Boston's city government has been systematically removing duplicate street-level and property images from its public GIS and permitting databases — a technical housekeeping effort that turns out to have real consequences for everything from building inspections in Dorchester to pothole routing along Commonwealth Avenue. The Office of New Urban Mechanics, which sits inside City Hall and coordinates civic technology projects, confirmed the deduplication push is ongoing across at least four municipal data systems, with a target completion date tied to the fiscal year ending June 30, 2027.
The timing matters. Cities worldwide have spent the last three years loading AI-assisted inspection tools and digital-twin mapping platforms with enormous volumes of imagery, often ingesting the same photos two, three or four times as departments share files without coordination. The result is databases that run slower, cost more to store, and — in the worst cases — flag the same cracked sidewalk or flooded basement multiple times, generating duplicate work orders. With Boston's proposed FY2027 capital budget allocating roughly $4.2 million toward smart-city infrastructure upgrades, officials want the underlying data clean before new tools go live.
What Boston Is Actually Doing
The practical work is unglamorous. City IT staff and contractors are running perceptual-hash algorithms across imagery tied to the Inspectional Services Department's complaint database and the Boston Transportation Department's street-condition catalog. Perceptual hashing compares images at a pixel-pattern level and flags near-identical photos for human review before deletion — a safeguard against wiping out images that look the same but document different dates or damage stages.

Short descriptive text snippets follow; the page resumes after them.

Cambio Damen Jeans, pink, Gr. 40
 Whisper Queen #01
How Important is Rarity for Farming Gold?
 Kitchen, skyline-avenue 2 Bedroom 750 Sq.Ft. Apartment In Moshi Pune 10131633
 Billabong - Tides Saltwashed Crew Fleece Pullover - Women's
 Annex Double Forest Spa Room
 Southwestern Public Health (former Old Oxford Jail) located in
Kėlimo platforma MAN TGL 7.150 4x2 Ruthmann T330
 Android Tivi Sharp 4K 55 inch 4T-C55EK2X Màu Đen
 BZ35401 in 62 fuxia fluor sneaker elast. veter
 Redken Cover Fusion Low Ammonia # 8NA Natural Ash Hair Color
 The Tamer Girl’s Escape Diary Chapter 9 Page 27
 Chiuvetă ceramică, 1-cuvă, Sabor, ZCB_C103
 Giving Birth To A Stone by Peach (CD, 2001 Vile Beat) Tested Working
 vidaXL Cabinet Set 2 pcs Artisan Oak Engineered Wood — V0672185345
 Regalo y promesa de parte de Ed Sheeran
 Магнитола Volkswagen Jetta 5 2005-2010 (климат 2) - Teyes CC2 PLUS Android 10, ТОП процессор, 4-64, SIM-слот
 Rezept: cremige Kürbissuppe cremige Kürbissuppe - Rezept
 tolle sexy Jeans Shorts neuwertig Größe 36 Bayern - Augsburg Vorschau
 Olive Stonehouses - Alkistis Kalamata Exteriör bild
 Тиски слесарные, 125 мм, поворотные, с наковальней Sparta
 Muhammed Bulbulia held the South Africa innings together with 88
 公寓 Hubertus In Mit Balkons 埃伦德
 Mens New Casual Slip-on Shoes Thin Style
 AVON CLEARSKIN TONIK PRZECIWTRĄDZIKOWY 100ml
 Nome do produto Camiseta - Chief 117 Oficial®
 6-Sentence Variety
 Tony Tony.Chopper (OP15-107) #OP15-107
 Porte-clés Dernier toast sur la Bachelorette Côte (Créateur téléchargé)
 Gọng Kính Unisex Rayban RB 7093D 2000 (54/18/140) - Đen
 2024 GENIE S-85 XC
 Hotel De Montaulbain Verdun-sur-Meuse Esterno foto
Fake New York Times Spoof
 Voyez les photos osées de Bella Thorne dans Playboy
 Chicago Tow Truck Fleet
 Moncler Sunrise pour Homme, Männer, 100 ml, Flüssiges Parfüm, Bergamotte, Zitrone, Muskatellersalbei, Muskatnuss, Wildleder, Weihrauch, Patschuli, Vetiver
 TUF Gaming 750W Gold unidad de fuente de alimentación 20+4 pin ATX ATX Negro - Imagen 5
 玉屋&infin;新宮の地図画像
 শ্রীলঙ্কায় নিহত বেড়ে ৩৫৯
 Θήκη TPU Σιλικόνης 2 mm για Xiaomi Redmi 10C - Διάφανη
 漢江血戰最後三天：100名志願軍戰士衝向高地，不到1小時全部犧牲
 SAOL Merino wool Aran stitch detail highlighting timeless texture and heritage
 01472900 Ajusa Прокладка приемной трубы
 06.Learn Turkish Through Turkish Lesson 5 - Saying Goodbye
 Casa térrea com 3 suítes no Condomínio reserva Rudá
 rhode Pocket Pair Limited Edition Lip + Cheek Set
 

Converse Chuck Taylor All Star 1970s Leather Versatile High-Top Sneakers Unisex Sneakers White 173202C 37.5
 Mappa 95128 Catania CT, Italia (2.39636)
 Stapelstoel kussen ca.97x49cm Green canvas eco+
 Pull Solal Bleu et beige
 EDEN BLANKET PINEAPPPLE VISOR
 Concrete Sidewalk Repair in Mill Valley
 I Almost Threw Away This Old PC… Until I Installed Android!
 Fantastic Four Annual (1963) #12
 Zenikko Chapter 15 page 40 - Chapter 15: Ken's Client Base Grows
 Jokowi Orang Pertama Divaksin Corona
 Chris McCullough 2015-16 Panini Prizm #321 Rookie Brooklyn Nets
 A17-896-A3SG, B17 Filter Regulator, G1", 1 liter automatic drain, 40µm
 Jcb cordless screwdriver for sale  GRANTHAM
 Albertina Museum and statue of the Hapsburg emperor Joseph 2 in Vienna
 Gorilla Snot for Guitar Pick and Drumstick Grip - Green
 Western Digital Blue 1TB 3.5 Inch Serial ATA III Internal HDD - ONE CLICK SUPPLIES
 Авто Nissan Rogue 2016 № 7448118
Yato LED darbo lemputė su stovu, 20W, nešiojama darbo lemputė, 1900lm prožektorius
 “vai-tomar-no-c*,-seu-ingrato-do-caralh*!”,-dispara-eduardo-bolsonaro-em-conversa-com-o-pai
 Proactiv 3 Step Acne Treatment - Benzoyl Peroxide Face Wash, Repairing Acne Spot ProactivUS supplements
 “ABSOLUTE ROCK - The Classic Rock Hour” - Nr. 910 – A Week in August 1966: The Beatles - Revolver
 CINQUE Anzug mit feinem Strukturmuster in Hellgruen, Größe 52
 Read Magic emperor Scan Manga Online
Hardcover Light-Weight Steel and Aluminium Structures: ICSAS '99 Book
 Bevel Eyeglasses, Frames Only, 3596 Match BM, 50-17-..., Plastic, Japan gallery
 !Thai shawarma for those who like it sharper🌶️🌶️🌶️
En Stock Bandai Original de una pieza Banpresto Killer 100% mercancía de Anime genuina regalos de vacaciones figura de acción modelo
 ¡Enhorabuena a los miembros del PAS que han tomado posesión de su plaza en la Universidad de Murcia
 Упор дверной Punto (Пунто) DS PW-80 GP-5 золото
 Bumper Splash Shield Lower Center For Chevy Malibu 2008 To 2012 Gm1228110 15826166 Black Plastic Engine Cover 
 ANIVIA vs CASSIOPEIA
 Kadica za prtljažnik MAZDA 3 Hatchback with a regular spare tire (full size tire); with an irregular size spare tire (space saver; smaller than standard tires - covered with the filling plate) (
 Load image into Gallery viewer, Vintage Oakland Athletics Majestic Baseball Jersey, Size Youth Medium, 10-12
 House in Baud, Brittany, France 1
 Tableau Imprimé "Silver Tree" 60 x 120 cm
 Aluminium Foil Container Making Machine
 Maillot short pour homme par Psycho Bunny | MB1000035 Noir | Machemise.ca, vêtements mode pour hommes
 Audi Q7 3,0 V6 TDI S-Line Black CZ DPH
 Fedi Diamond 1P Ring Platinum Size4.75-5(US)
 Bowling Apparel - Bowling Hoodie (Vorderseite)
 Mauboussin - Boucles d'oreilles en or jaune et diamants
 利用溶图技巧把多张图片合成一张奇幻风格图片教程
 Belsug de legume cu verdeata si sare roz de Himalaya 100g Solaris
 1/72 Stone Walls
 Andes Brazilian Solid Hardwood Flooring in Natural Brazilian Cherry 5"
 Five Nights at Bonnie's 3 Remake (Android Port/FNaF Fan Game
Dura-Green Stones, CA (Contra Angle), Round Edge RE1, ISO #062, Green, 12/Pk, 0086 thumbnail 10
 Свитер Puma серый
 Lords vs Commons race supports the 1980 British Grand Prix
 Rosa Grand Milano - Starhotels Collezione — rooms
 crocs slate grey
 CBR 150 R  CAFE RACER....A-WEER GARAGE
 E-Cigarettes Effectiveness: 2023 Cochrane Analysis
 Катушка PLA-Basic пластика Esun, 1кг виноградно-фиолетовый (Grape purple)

Two programs are at the center of the effort. The Boston Street Conditions Observation Tool, known locally as StreetScan, and the ISD's online permit portal both accumulated years of overlapping uploads as field inspectors photographed properties in Jamaica Plain and Roxbury using phones that auto-synced to multiple cloud folders. The Office of New Urban Mechanics began an audit of those two systems in January 2026 and by April had identified more than 340,000 images flagged as probable duplicates, according to a city technology briefing document reviewed by The Daily Boston.
Mayor Michelle Wu's broader agenda on housing production in neighborhoods like Dorchester and Jamaica Plain has added urgency. When inspectors are moving fast to keep up with new multi-family permit applications along Washington Street and Blue Hill Avenue, clean, non-redundant photo records speed up approvals and reduce the chance that an inspector gets sent to a property that was already cleared.
How Boston Compares Globally
Amsterdam's municipal government finished a comparable deduplication project for its urban planning imagery archive in late 2024, cutting its stored image volume by 38 percent and trimming cloud storage costs by roughly €1.1 million annually, according to a case study published by the European Urban Technology Association in March 2025. Singapore's Urban Redevelopment Authority went further, embedding automated deduplication at the point of upload starting in 2023, meaning duplicates are rejected before they enter the system rather than cleaned up afterward.
London and Toronto, by contrast, are closer to where Boston was eighteen months ago — dealing with legacy backlogs across siloed department databases. Toronto's Smart City Office acknowledged in a February 2026 progress report that its citywide image deduplication initiative, launched under the Digital Infrastructure Strategy, was roughly 40 percent complete. London's equivalent effort, coordinated through the Greater London Authority's Geospatial Commission, does not yet have a published completion target.
Boston's position — ahead of London and Toronto, behind Amsterdam and Singapore — reflects a broader pattern in which mid-size, research-economy cities move faster than megacities on targeted data hygiene projects but lack the resources to embed prevention systems the way wealthier city-states can. MIT's urban computing researchers at 77 Massachusetts Avenue have consulted informally with the Office of New Urban Mechanics on the hashing approach, though no formal contract exists.
For residents, the practical upshot is more straightforward than the technical detail suggests. Property owners filing permits or reporting street damage through the city's 311 system should expect faster acknowledgment times as the backlog clears. The city's IT office says the two primary systems — StreetScan and the ISD portal — should be fully deduplicated by December 2026, with the remaining municipal databases following by the end of FY2027.